5.Ella ejercitó las virtudes, pues tocada por la gracia se dejó cautivar y respondió con una actitud de fe, esperanza y caridad. La fe es una virtud sobrenatural infundida por Dios en el entendimiento por la cual asentimos firmemente a las verdades divinamente reveladas apoyados en la autoridad o testimonio del mismo Dios, que no puede engañarse o engañarnos. Jesucristo, como Hijo de Dios que era, veía claramente, aún con su inteligencia humana, las verdades reveladas por Dios en la misma divina esencia. Con la fe, creemos lo que no vemos fiados en la Palabra de Dios  revelante, que no puede engañarse ni engañarnos. En este sentido María es el más alto y sublime modelo de fe que ha existido jamás. Su fe, fue excelente sobre toda ponderación. Los Padres de la Iglesia reconocen en la fe de María el principio de su divina maternidad y de su grandeza: fide concepit, fide peperit: por la fe concibió, por la fe dio a luz. En el Evangelio, Santa Isabel, divinamente inspirada llena del Espíritu Santo, se congratula  con María, su parienta, por su fe: “bienaventurada eres tú, porque has creído, pues en ti se cumplirá lo que el Señor ha dicho” (Lc 1, 45). La fe de María estuvo sometida a la prueba de lo invisible, a la prueba de lo incomprensible y a la prueba de las apariencias contrarias. ¿Cuál es el secreto de esa fe tan excelente de María? Virgen perfectamente pura, no sentía en sí misma alguna voz desconcertante, ningún apego que opusiese a los imperativos categóricos de la fe en interés sensual  o de amor propio. María reconocía por encima de sí a un Dios no solamente incapaz de equivocarse o de engañar, sino deseoso de comunicar a sus creaturas las verdades necesarias. Pues María ha pronunciado el fiat por medio de la fe. Por medio de la fe se confió a Dios sin reservas y se consagró totalmente  a sí misma cual esclava del Señor a la persona y a la obra de su Hijo.
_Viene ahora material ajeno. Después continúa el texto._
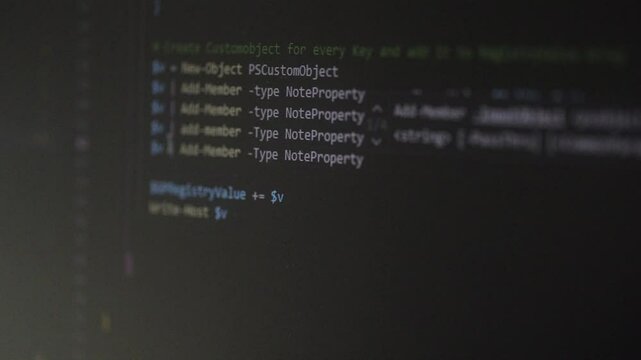 Close-up of a screen with code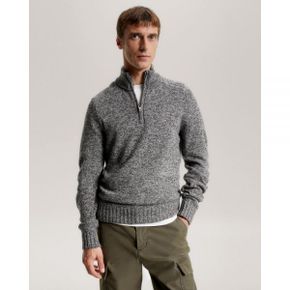 5022002 Tommy Hilfiger Merino Wool Mock Turtleneck Jumper - Grey Mouline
6.La esperanza, virtud por la cual  confiamos con plena certeza alcanzar la vida eterna y los medios necesarios para llegar a ella apoyados en el auxilio omnipotente de Dios. María es también en esta virtud el modelo más sublime  que se puede imaginar. Por eso la Iglesia en su liturgia aplica a María aquellas palabras del segundo libro del Eclesiástico: “Yo soy la madre del amor, del temor, de la ciencia y de la santa esperanza” (Ecl 24, 24). También María esperó que obtendría el cielo. Su esperanza no fue una esperanza inoperante. Practicó del modo más perfecto, aquello que nos refiere son Ignacio: “haz por tu parte todo lo que puedas como si nada esperases de Dios; y espéralo todo de Dios como si nada hubieses hecho por tu parte”. María es signo de esperanza cierta y de consuelo para el pueblo peregrinante. Antecede con su luz al pueblo de Dios… “la Madre de Jesús, de la misma manera que, glorificada ya en los cielos en cuerpo y en alma, es imagen y principio de la Iglesia que habrá de tener su cumplimiento en la vida futura, así en la tierra precede con su luz al peregrinante Pueblo de Dios como signo de esperanza cierta y de consuelo hasta que llegue el día del Señor (cf. 2 P 3,10)” (Cfr. LG 68).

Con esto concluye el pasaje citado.